▶ _What needs to be done_:
For the material below, the expected output is exactly the lines between the line holding "Coca-Cola в Кафе Плов №1 на Моисеенко" and the line holding "Aamiaismajoitus (B&B) Casa Sedona Inn", inclusive, with pictures left out.

▶ _Input data_:
============================================================

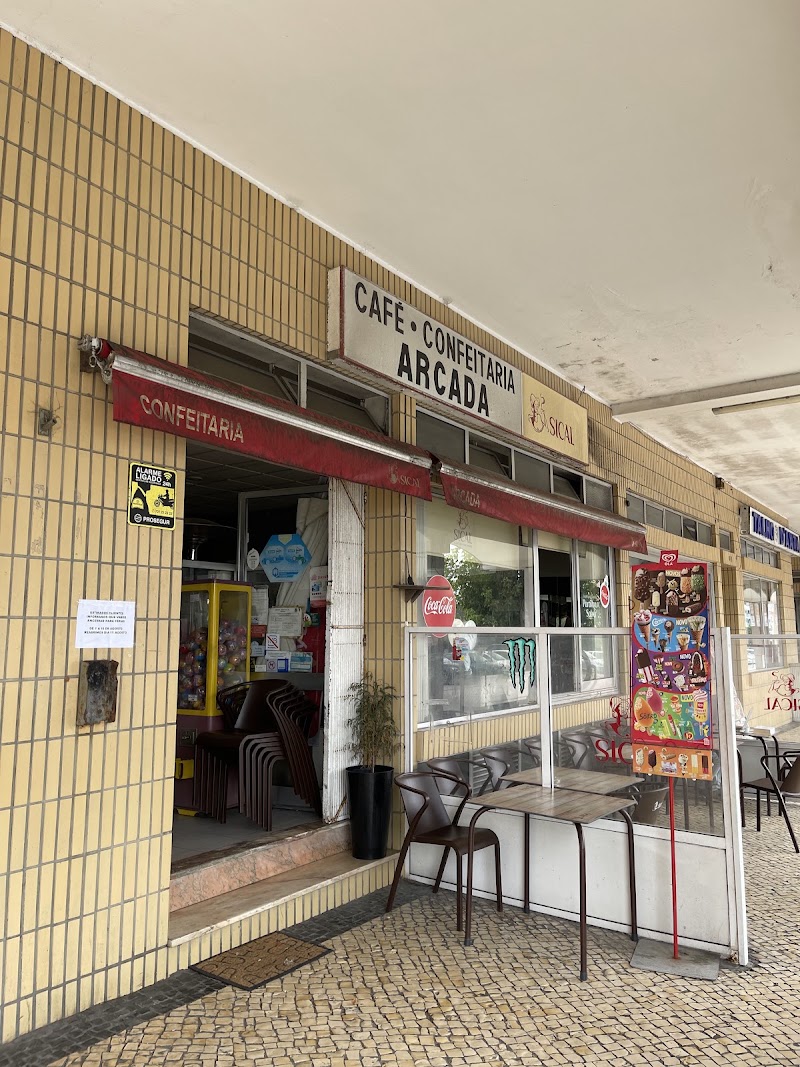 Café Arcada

============================================================

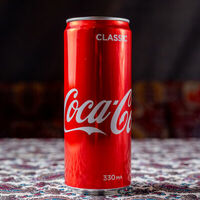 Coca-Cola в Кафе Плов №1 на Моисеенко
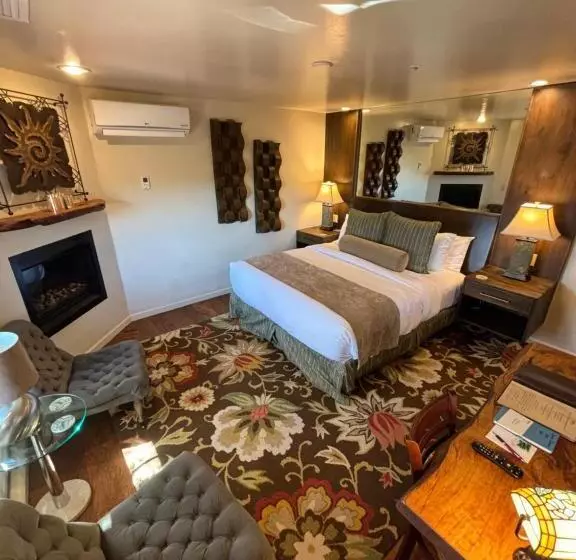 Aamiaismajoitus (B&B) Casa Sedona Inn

============================================================

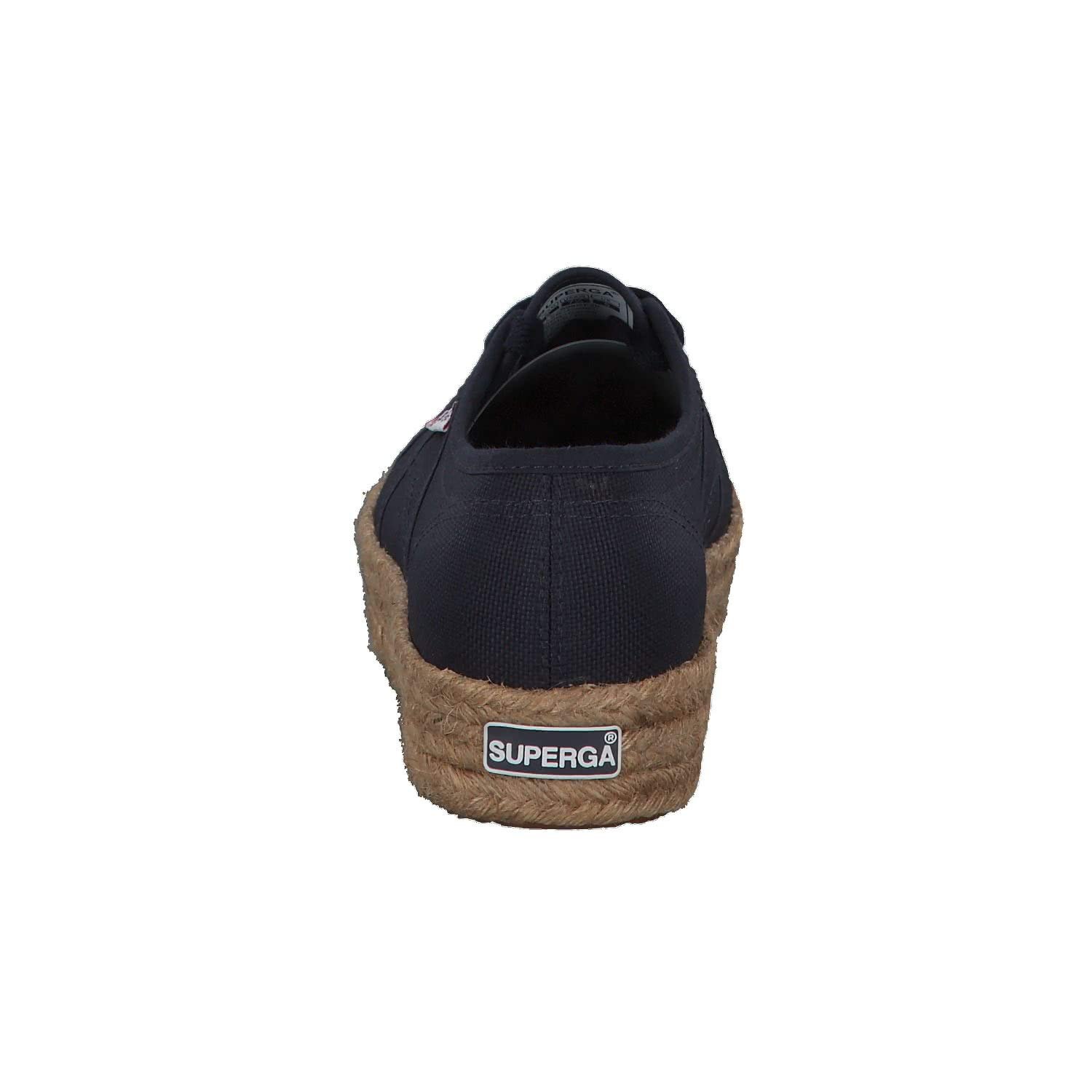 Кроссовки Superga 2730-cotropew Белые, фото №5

============================================================

▶ _Finished exercise_:
 Coca-Cola в Кафе Плов №1 на Моисеенко
 Aamiaismajoitus (B&B) Casa Sedona Inn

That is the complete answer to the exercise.